Why we are honouring the life-changing work of the Teenage Cancer Trust

Date: 2nd February 2020 | By: national

The National Children of Wales Awards are proud to be supporting the Teenage Cancer Trust. Before their first unit opened in 1990, no specialist cancer care for young people existed in the UK within the NHS. Now, the Teenage Cancer Trust is the only UK charity dedicated to providing young people living with cancer specialist care and expert treatment.

Every day in the UK, around seven young people aged from 13-24 receive the devastating news that they have cancer. The Teenage Cancer Trust ensures that no child will ever have to face this terrifying diagnosis alone. They are there every step of the way, supporting the child as well as their family members.

Without the incredible work done by the Teenage Cancer Trust, thousands of children would have to face cancer alone.

Children who are in the care of the Teenage Cancer Trust are encouraged to continue being just that; children. Specialist cancer units exist which bring young people together to be treated. This allows patients to socialise with each other, and find other young people who understand exactly what they’re going through. Together, they can forget about their illness for a while.

Seren, from Ynysddu, can attest to this. She was diagnosed with Stage 4 Hodgkin Lymphoma at nineteen years old.

Speaking about her diagnosis, Seren said:

“I thought ‘Oh my God, I am done for’. The doctors had found a mass the size of a football in my chest”.

She was anxious about being treated next to elderly patients, but was thrilled when she heard that she would be treated next to young people on the Teenage Cancer Trust unit at the University Hospital in Cardiff.
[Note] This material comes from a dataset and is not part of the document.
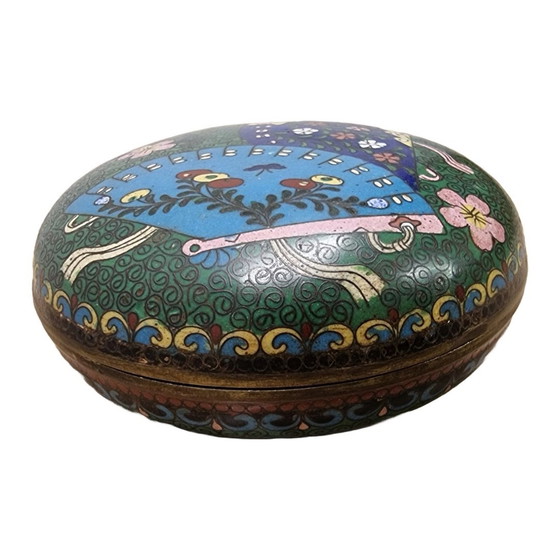 Image 1 of Japanse Cloisonné Meiji Periode Eind 19De Eeuw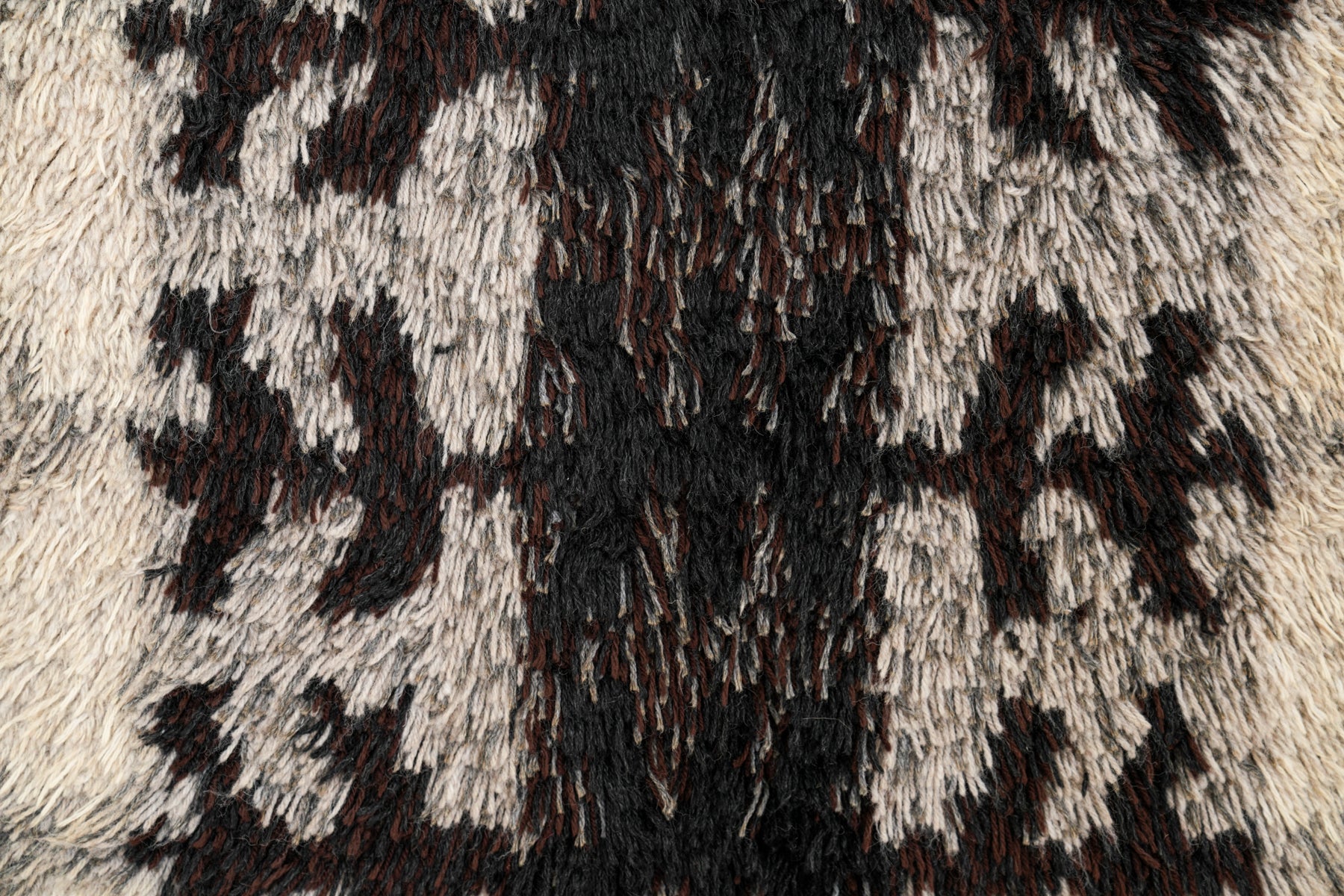 Vintage Scandinavian Rya Rug 3'10" x 2'9"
The availability of a Youth Support Coordinator had a hugely positive impact on Seren’s experience. She said:

“The Youth Support Coordinator was great. She organised arts and crafts on the unit, which I loved, as well as lots of social events. These days gave me a sense of normality and reminded me that there is life outside of treatment.

“I made lots of friends on the Teenage Cancer Trust unit. We are in the worst circumstances, so it helped to have people my age who have gone through similar things”.

Thanks to the overwhelming generosity from the public, the Trust has been able to establish 28 specialist cancer units across the UK, helping young people with cancer feel less alone. Furthermore, the Trust has been able to fund the employment of 48 nurses and youth support co-ordinators in order to provide the best care possible to young people and their families.

Another fantastic event that the Teenage Cancer Trust organise for their patients, is an annual Teenage Cancer gig at the Royal Albert Hall in London. Teenagers and music go together like cheese and crackers, and the Teenage Cancer Trust have recognised this. These annual gigs give young people living with cancer a ‘night off’. They can forget about their illness for one night, and have a fun night out with their friends, singing along to their favourite songs.

Notable stars who have performed at these gigs include Ed Sheeran, Olly Murs, Russell Howard, Kasabian, Bring Me The Horizon Paul McCartney, and more!

We really cannot praise the efforts of the Teenage Cancer Trust enough. Their ability to change the lives of young people living with cancer, and providing continuous support and friendship, changes the lives of children across the UK.

The proceeds from the National Children of Wales Awards will ensure that the Teenage Cancer Trust can extend their specialist care and support to countless more families. There are still thousands of children living with cancer, without access to the care and encouragement of specialist nurses. No one should face cancer alone, and the proceeds from the Awards would help to ensure that fewer children will.